### Task description
Take the records below and print them verbatim up to and including the line that carries "Green 120cm Amnesia Ukyo Cosplay Wig".

********

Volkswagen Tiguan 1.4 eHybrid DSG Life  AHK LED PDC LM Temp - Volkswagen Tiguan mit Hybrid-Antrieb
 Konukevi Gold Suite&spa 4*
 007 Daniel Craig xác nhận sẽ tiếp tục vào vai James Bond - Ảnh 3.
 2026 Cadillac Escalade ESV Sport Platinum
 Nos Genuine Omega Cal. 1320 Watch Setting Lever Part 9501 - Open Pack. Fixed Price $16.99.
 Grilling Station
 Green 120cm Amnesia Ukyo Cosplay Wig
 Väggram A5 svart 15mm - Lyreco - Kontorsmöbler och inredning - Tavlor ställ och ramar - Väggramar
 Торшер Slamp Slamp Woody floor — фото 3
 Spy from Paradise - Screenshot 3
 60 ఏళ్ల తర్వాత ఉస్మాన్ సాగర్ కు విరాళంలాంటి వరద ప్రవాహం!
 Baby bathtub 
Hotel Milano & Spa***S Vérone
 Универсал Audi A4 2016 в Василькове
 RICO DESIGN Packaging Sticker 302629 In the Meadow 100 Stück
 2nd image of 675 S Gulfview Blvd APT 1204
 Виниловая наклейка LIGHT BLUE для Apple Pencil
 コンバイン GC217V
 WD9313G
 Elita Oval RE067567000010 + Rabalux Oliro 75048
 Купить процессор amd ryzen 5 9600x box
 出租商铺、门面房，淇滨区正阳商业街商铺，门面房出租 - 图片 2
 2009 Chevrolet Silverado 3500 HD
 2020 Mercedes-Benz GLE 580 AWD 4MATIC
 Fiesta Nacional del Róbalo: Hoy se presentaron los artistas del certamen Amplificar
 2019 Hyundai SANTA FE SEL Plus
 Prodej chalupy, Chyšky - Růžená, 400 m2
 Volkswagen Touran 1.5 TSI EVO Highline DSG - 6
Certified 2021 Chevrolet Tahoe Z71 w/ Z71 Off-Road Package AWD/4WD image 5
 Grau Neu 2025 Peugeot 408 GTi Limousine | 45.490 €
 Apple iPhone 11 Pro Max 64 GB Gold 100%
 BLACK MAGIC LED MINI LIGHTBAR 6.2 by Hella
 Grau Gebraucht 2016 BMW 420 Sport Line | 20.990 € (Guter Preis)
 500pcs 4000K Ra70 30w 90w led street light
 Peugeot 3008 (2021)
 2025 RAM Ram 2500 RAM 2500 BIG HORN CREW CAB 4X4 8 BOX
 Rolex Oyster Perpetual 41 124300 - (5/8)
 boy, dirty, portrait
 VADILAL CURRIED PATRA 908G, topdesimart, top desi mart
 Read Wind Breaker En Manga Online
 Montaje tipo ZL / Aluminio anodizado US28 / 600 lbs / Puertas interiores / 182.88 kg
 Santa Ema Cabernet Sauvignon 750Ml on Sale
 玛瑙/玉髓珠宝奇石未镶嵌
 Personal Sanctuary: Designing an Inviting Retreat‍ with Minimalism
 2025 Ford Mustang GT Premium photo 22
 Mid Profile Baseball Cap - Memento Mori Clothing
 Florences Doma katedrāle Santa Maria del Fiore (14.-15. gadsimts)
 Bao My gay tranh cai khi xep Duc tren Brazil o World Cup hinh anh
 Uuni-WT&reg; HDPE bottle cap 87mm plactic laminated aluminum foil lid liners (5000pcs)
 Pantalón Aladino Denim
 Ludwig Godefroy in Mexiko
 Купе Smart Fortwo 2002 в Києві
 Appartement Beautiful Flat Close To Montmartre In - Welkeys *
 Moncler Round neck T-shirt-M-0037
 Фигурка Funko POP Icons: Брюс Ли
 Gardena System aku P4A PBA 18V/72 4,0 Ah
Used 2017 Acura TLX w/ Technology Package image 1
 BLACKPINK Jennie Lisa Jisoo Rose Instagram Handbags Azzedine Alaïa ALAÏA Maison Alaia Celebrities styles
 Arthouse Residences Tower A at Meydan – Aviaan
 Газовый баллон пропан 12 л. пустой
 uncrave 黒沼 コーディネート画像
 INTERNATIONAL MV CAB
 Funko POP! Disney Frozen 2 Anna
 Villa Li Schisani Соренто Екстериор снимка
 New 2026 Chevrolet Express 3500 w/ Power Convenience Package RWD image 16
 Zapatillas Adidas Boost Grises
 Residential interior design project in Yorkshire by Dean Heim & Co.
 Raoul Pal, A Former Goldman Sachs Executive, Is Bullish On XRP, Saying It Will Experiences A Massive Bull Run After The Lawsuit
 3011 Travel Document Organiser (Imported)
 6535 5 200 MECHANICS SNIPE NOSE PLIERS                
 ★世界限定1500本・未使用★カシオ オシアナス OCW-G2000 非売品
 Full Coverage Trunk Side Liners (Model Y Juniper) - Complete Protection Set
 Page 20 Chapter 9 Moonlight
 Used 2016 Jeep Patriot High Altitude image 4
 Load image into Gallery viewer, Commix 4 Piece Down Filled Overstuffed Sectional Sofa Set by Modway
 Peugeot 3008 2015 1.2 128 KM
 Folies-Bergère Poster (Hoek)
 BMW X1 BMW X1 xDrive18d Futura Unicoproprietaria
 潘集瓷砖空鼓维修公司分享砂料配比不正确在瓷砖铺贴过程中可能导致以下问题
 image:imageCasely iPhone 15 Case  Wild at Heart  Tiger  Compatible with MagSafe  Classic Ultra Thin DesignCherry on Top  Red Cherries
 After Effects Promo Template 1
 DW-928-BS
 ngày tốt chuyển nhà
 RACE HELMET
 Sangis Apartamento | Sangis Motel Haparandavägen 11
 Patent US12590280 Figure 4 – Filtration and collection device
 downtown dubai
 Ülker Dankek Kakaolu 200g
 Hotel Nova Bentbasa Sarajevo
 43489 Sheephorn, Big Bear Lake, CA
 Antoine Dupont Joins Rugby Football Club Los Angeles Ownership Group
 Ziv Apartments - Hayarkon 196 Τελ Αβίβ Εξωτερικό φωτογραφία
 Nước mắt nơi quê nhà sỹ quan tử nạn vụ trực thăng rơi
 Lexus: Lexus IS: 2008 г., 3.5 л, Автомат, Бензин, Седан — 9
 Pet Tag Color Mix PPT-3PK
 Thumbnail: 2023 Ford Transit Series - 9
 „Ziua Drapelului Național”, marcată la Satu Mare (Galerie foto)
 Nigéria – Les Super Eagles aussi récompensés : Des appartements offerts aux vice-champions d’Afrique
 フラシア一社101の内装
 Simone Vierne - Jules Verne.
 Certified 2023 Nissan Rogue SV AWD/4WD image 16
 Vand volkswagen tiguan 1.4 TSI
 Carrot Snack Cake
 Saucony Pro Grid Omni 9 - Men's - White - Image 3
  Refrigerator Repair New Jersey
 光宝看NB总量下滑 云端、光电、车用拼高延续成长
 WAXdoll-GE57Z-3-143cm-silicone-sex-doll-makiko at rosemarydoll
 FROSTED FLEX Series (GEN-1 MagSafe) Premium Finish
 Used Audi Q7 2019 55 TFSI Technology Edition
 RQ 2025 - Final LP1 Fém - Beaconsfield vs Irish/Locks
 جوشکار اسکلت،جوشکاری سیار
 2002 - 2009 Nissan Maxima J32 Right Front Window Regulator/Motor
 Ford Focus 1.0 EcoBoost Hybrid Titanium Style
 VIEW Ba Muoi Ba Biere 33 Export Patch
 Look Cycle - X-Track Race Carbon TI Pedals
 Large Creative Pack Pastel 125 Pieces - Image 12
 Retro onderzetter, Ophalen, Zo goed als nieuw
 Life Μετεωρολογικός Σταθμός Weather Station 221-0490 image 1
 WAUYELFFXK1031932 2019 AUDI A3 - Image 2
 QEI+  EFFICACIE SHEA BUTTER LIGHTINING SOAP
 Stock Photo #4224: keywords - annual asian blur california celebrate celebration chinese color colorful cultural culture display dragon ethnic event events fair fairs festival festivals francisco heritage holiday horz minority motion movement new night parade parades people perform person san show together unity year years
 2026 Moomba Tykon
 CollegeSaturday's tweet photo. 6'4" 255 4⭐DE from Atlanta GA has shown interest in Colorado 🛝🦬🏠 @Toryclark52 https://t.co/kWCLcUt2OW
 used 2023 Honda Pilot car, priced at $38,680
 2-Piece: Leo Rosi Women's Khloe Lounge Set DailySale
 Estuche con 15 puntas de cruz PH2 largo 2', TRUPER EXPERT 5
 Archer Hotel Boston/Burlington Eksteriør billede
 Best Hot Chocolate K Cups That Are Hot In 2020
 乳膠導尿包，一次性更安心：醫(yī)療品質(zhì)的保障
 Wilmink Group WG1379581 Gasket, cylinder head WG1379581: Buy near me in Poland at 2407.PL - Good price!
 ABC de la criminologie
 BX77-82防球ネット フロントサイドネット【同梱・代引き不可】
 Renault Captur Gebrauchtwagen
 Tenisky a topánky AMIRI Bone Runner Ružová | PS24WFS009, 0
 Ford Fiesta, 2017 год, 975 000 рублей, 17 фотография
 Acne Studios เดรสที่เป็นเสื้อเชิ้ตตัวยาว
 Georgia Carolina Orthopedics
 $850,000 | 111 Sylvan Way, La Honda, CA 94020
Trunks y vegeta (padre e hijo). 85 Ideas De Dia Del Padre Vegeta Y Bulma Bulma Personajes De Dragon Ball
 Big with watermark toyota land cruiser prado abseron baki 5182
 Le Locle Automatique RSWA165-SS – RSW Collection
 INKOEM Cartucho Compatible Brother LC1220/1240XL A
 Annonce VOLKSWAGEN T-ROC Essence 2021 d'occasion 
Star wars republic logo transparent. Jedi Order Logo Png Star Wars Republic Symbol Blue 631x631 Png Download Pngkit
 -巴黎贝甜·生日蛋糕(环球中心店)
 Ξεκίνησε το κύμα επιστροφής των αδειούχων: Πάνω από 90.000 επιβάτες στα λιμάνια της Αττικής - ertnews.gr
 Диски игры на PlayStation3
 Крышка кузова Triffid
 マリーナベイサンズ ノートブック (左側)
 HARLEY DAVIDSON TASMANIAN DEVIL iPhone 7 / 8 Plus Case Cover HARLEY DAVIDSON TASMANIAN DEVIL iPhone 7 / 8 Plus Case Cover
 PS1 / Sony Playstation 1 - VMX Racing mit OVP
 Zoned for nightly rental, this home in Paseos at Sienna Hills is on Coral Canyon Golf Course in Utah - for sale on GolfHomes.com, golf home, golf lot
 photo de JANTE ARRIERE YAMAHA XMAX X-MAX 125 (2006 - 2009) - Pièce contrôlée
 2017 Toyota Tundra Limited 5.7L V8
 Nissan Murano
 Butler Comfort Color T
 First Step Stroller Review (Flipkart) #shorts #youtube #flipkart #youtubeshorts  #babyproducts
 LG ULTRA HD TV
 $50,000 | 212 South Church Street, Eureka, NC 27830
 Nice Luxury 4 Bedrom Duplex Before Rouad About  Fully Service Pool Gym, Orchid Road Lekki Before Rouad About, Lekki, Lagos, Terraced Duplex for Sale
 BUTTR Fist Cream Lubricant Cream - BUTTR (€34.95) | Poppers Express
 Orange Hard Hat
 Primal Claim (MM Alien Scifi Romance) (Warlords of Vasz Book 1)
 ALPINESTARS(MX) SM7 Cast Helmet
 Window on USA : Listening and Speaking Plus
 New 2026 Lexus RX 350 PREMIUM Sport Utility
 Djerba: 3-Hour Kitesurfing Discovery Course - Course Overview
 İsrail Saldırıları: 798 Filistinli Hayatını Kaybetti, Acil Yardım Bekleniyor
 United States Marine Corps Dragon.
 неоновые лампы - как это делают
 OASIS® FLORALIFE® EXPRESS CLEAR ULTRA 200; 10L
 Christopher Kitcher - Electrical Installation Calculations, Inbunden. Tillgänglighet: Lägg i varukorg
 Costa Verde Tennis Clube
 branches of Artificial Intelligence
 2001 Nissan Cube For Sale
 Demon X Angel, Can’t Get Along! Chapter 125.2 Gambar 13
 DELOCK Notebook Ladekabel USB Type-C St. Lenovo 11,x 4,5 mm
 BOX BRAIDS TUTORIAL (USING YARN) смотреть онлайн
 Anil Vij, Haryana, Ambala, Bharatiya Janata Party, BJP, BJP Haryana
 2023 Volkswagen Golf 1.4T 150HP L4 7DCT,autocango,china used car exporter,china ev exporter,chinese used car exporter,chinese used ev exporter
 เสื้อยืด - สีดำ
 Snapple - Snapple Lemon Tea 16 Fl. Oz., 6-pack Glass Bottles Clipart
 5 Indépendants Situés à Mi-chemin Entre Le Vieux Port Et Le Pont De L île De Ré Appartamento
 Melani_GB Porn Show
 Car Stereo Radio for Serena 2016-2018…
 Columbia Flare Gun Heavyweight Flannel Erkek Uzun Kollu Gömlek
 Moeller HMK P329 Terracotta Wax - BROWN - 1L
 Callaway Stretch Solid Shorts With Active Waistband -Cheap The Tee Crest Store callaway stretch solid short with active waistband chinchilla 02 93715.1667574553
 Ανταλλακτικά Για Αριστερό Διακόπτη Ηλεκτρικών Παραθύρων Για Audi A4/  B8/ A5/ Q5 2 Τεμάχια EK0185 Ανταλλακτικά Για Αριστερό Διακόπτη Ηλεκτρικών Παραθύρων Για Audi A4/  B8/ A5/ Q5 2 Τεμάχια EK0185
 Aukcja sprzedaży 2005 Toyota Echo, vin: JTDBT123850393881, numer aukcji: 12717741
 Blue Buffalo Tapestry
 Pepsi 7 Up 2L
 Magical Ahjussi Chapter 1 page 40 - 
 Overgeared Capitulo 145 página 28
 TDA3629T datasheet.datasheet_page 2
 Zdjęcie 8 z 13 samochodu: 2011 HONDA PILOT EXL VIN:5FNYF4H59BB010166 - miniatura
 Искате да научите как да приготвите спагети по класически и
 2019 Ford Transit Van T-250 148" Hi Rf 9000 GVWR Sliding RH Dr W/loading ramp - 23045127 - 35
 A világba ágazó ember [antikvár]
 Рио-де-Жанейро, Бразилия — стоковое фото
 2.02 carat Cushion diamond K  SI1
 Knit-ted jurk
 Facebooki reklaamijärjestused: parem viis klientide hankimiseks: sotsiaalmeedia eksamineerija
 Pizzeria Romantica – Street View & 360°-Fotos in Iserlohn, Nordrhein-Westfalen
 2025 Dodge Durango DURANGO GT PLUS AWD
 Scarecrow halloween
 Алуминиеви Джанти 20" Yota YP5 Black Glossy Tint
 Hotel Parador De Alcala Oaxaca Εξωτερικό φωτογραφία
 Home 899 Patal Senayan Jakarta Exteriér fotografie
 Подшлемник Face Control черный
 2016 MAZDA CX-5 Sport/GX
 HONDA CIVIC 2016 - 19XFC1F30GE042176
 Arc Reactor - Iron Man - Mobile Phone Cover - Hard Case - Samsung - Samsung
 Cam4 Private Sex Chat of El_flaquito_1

********

### Written answer
Volkswagen Tiguan 1.4 eHybrid DSG Life  AHK LED PDC LM Temp - Volkswagen Tiguan mit Hybrid-Antrieb
 Konukevi Gold Suite&spa 4*
 007 Daniel Craig xác nhận sẽ tiếp tục vào vai James Bond - Ảnh 3.
 2026 Cadillac Escalade ESV Sport Platinum
 Nos Genuine Omega Cal. 1320 Watch Setting Lever Part 9501 - Open Pack. Fixed Price $16.99.
 Grilling Station
 Green 120cm Amnesia Ukyo Cosplay Wig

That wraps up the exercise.